Cod Almighty | Diary
Unhappy the team that needs heroes, but we know we are unhappy
29 March 2018
Middle-Aged Diary is going to set you some homework today. I'd like to have set it for today's Town players. There is evidence Craig Disley and Martin Gritton might have browsed the odd diary, and Chris Grocock wrote in many years after the event to confess to flashbacks that his legs were an inch too short to prevent the 1987-88 relegation. Apart from that though, players do not generally come to Cod Almighty. So you will have to do.
To set the scene, it's 2001. Town have won just four times since the end of October. Relegation is beginning to look inevitable. Then Danny Coyne and Paul Groves deliver a win at fellow-relegation candidates Queens Park Rangers. We touched on that game after James McKeown's heroics against Port Vale. A couple of games later, another relegation rival - Tranmere - visit Blundell Park.
So your homework is to go away and read Tony Butcher's match report from that game. See you again in a few minutes.
I did not see the Tranmere game but I was there for the next, at home to Watford. Once again, we came from behind to win. Once again the most unlikely players - our winning goal was bundled in by Stacy Coldicott after an absent-minded run and bumbling cross from Tony Gallimore - emerged as heroes. Once again, the chemistry between players and fans was producing some kind of static charge, the product of a shared will, a magnetic, compelling force. Defeat became impossible. Relegation we avoided.
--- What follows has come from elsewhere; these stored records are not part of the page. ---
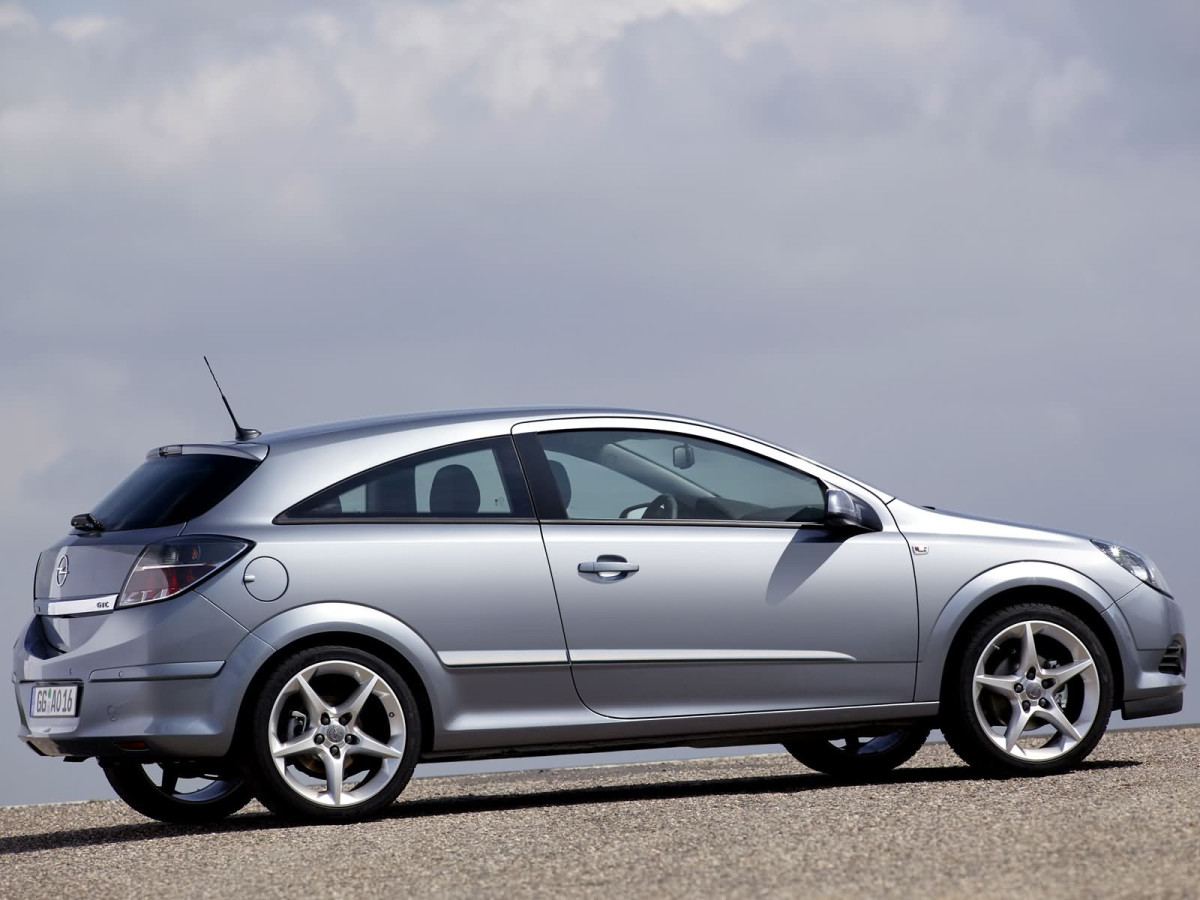 Opel Astra GTC фото 16765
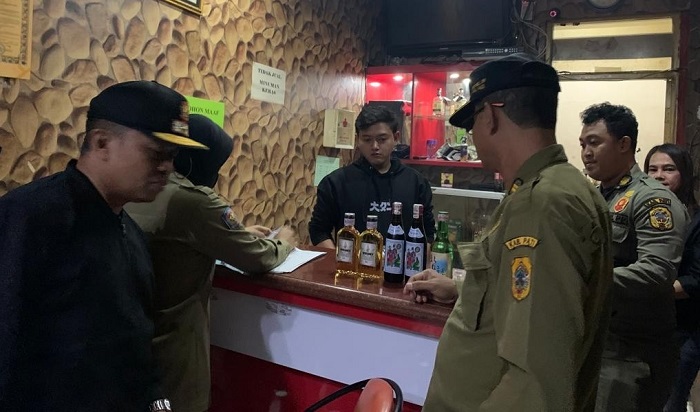 DIDATANGI: Satpol PP Pati memeriksa salah satu tempat hiburan malam di Pati belum lama ini.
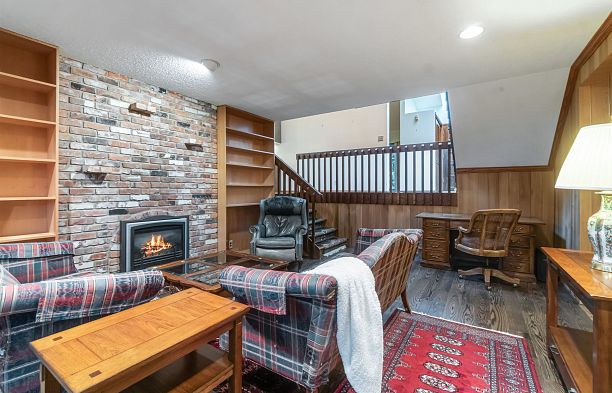 4262 Yuculta Crescent University VW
Steve Livingstone, Coldicott and Gallimore weren't always heroes. In fact they were often not too far from the uncoveted role of Scapegoat-in-Chief. Luke Cornwall was a loan player a few degrees more effective than Mike Jeffrey and Daryl Clare had become; he was fondly remembered for years after, based on a Town career of a few weeks. They became heroes because when the crunch games came, they rose to the occasion. They may have been part of a squad that got into trouble, but we forgave all after they had delivered in relegation six-pointers.
Russell Slade has stripped us of established character. But tomorrow, and on Monday, and again the following Saturday, the chance is there for a Town player to make a lasting name for himself. There are some things about this season, the board should note, that we will never forgive. But for the squad, there is the chance of redemption. Any player who takes each game by the scruff of its neck, who provides commitment and leadership and drive, who performs now as though they need it just as much as we do: they could become a hero, not for one day but for years to come.